Problem statement: Where does the string "Best" occur in the entries below? Copy every line where it does.
-- Supplied data follows --
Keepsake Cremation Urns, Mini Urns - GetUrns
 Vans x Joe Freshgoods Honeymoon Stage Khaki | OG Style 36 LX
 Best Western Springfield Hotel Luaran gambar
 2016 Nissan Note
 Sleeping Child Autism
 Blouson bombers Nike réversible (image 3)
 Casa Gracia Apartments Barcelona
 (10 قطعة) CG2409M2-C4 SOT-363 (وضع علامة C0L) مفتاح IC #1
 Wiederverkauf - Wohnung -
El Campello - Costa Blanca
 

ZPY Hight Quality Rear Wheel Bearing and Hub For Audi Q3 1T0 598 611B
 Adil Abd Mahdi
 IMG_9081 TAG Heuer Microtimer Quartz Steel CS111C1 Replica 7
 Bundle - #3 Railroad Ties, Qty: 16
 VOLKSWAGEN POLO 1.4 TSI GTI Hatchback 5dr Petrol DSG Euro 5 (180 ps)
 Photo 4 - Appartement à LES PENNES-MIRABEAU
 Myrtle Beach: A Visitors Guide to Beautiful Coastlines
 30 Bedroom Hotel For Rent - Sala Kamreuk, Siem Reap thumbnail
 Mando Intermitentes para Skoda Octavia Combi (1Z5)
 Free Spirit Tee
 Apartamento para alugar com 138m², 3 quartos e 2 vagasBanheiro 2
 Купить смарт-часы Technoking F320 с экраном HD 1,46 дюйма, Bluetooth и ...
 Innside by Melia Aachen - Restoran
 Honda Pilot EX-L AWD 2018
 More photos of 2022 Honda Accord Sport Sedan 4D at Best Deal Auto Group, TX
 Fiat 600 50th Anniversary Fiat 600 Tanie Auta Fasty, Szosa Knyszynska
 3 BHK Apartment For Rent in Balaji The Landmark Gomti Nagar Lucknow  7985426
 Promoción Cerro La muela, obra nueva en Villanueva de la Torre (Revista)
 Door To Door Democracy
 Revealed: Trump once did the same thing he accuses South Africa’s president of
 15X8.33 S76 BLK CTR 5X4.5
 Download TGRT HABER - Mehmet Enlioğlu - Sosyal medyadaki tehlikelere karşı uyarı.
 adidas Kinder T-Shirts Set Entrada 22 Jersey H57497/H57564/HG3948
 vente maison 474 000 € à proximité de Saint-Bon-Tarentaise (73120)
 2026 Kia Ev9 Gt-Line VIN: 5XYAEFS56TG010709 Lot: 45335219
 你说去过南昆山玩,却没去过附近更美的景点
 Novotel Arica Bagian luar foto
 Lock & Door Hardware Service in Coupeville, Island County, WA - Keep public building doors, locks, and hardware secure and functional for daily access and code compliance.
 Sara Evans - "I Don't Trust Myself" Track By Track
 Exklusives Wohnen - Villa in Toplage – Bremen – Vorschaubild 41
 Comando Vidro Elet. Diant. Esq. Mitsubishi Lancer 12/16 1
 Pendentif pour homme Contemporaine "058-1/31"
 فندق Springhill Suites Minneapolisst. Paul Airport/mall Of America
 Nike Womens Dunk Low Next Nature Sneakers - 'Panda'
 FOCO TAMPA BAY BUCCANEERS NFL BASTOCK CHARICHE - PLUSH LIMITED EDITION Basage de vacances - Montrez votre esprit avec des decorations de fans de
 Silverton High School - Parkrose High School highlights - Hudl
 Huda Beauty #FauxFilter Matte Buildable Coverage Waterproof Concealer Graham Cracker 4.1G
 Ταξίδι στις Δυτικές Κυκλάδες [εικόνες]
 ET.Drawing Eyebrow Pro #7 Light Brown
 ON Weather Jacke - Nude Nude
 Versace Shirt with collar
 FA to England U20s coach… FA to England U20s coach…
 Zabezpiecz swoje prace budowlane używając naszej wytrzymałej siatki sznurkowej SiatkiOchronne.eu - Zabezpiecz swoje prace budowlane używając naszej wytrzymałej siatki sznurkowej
-- Supplied data concluded --
Answer for this exercise:
 Best Western Springfield Hotel Luaran gambar
 More photos of 2022 Honda Accord Sport Sedan 4D at Best Deal Auto Group, TX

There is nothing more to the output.